The Welsh government’s £33m cut in funding for its rural affairs department is a “sledgehammer blow” for farming, according to the Tory party in Wales.
Overall the £33m equates to a 7.5% cut to the Natural Resources Wales’ annual budget. But within the detailed spending plan it shows that agriculture and food spending will be hit even harder with a year on year cut of 17.8% while funding for animal health and welfare will be reduced by 20.7%.
The cuts were set out in the Welsh government’s draft budget for 2015-16 during a speech by finance minister Jane Hutt on 30 September.
The £33m drop is the biggest hit borne by any department in the Welsh government and is a move by Labour to help plug a £225m black hole in health funding.
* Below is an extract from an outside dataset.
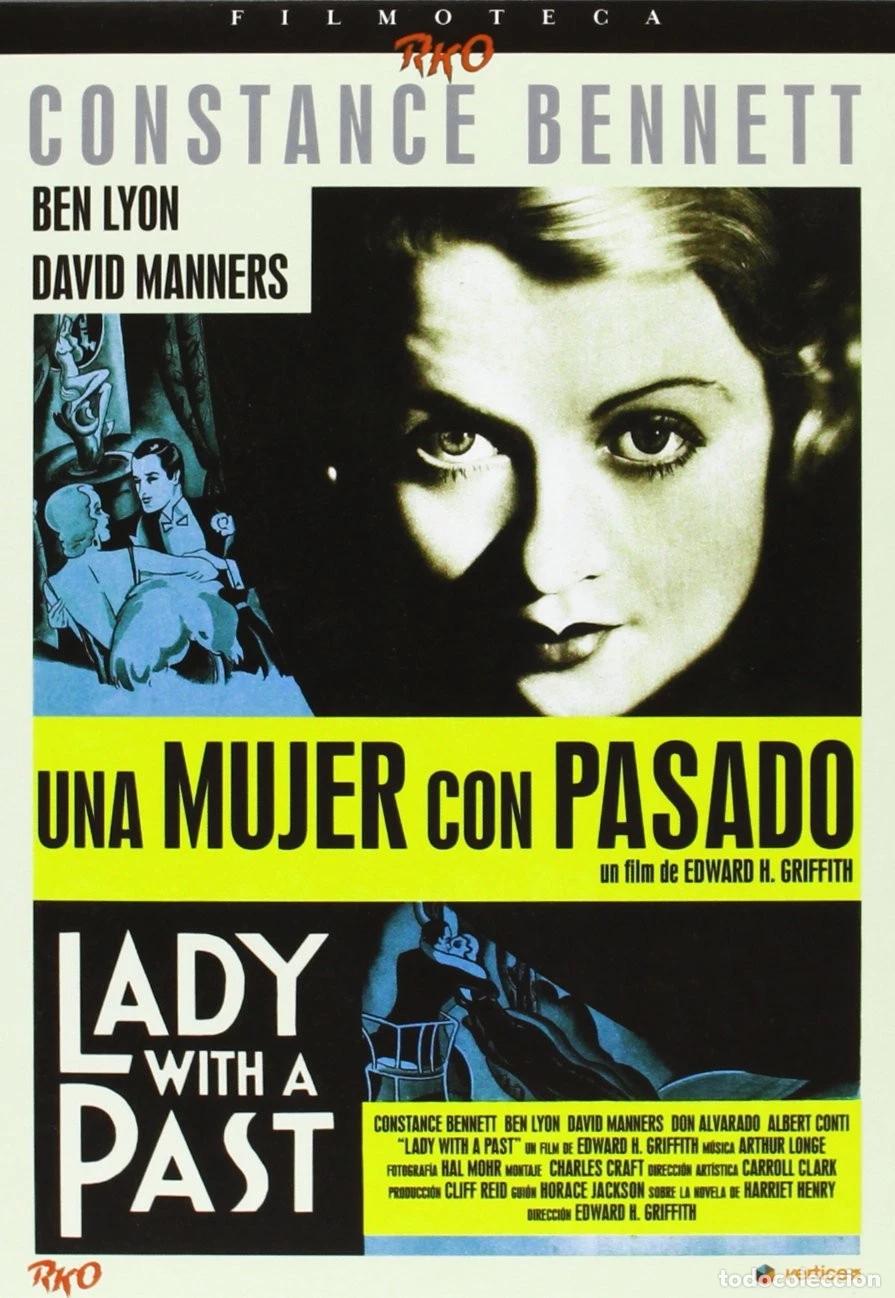 Cinema: UNA MUJER CON PASADO (DVD)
The budget was supported in the Senedd by the Liberal Democrats after a deal was struck between the two parties.
But Welsh Conservative shadow minister for rural affairs, Russell George AM, said: “Farmers will be forgiven for thinking they are in Labour’s firing line again.
“Already hit hard by the maximum transfer of payments [15%] from Pillar 1 to 2 – the largest in the UK – they will rightly be worried by Labour’s draft budget.”
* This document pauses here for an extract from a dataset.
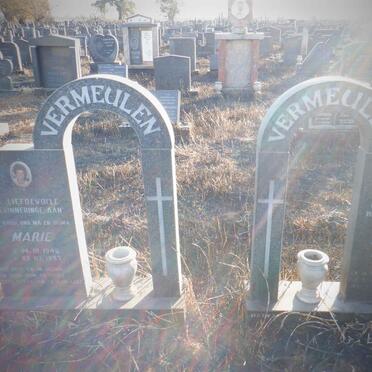 VERMEULEN Sakkie 1938- &amp; Marie 1946-1997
Mr George added: “These cuts have the potential to sledgehammer rural communities right across Wales.
“Labour’s first minister Carwyn Jones must set out – in detail – how he intends to mitigate the effects of his draft budget and provide a guarantee that our rural areas will not be left to suffer.
“Our farmers – our food industry – our rural communities; they all deserve the utmost Welsh government support.
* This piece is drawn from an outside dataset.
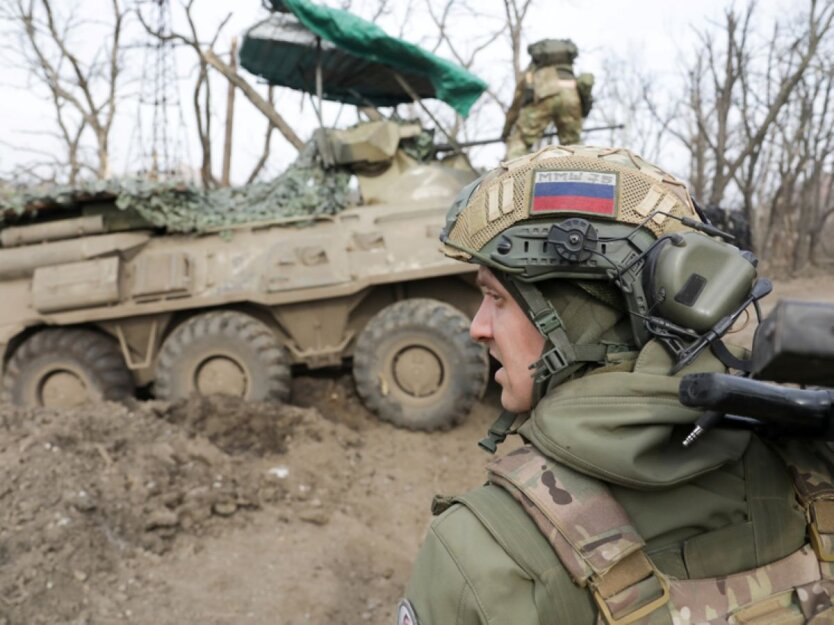 Российские войска проводят наступательные операции в районе Керамика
“This Labour-Liberal budget must not put that in jeopardy.”
A Welsh government spokesperson said the Welsh budget had faced unprecedented cuts by the UK government and as a result the 2015-16 budget in Wales would be £1.5bn lower in real terms compared to 2010-11, which meant “difficult decisions” had to be taken to protect services.
But they reassured the impact on farming services would be minimal, adding: “We remain committed to supporting our rural communities through various programmes, including delivering the largest and most ambitious RDP in Wales’ history, which will help support vibrant and successful rural businesses and communities, and a thriving natural environment.
“The draft budget for Natural Resources Wales in 2015-16 has been set to take account of the need to find efficiency savings while also ensuring as far as possible that programmes to support the most vulnerable are protected and that the impact on front-line services is minimised.”